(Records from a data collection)
....

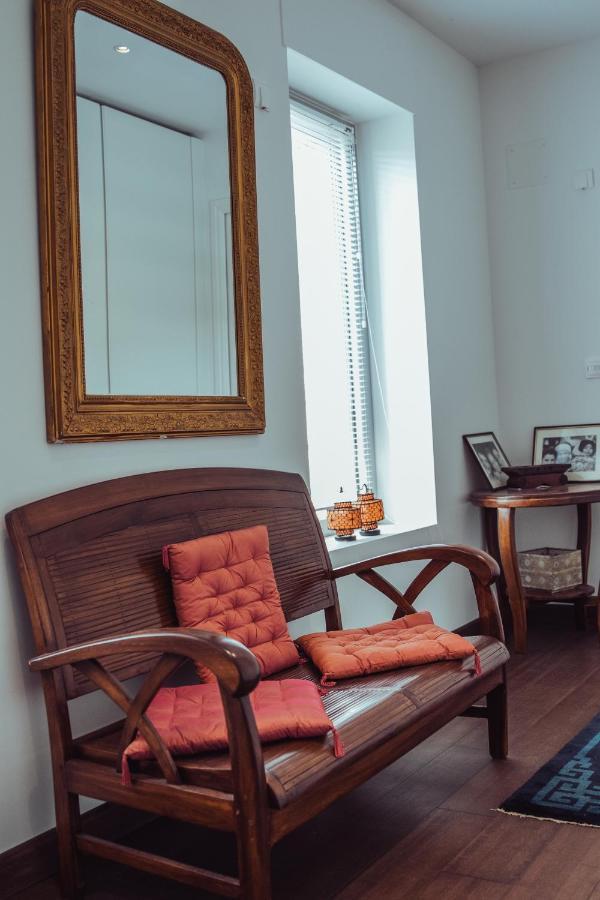 Ma Ripoz B&B - Suite Vue Mer Perros-Guirec Exterior photo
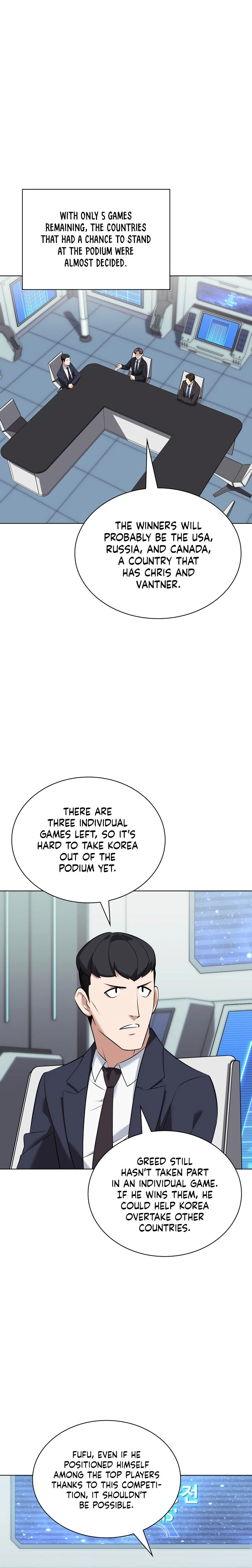 Overgeared Chapter 218, page 19 of 46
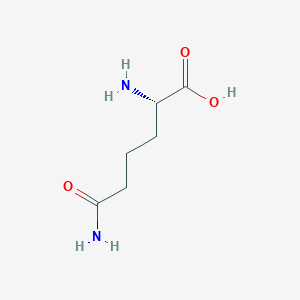 L-Homoglutamine图片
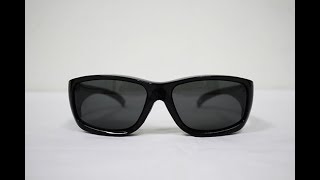 【大愛感恩科技_環保再生織品】R2R偏光太陽眼鏡_Recycle to Recycle (R2R) Sun Goggle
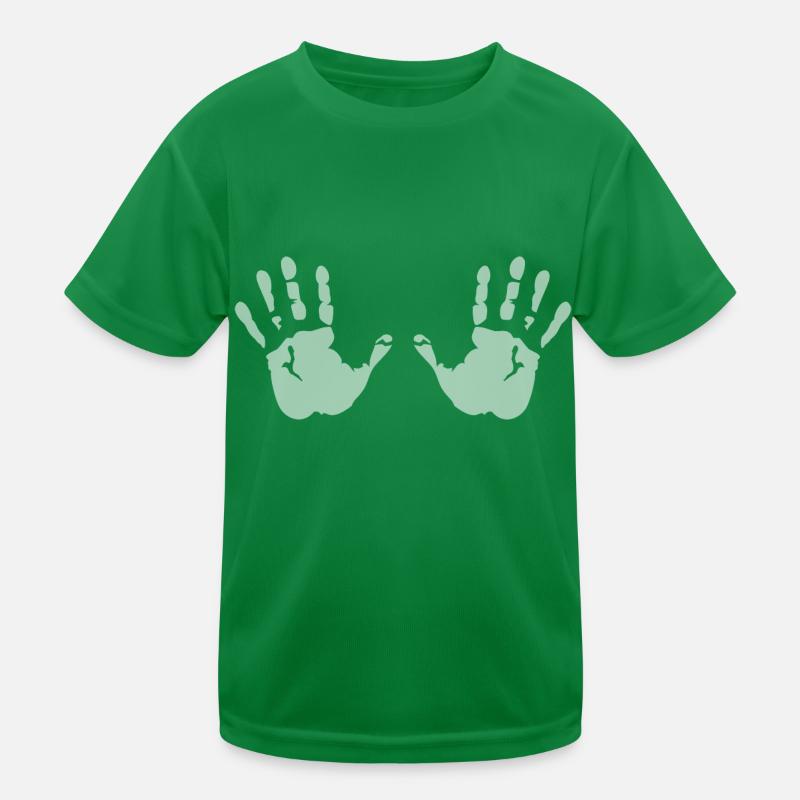 Biscuits de Noël Farine de cuisson T-shirt sport Enfant
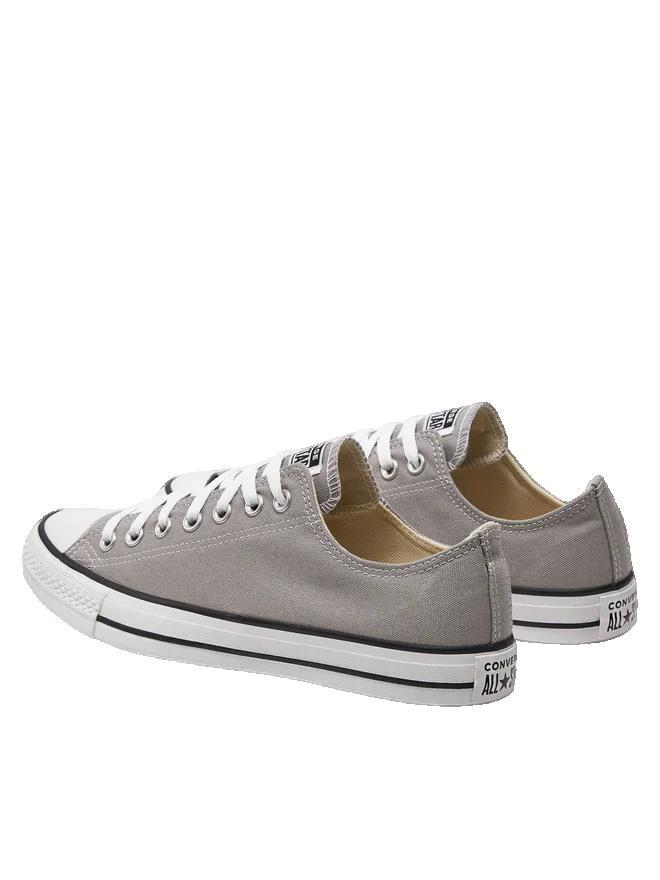 Chaussures Hommes Converse Chuck Taylor All Star gris 3/3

....

### What is needed:
To answer, repeat exactly the lines from the line containing "Overgeared Chapter 218, page 19 of 46" through the last line of the data above, leaving out all pictures.

### Your solution:
 Overgeared Chapter 218, page 19 of 46
 L-Homoglutamine图片
 【大愛感恩科技_環保再生織品】R2R偏光太陽眼鏡_Recycle to Recycle (R2R) Sun Goggle
 Biscuits de Noël Farine de cuisson T-shirt sport Enfant
 Chaussures Hommes Converse Chuck Taylor All Star gris 3/3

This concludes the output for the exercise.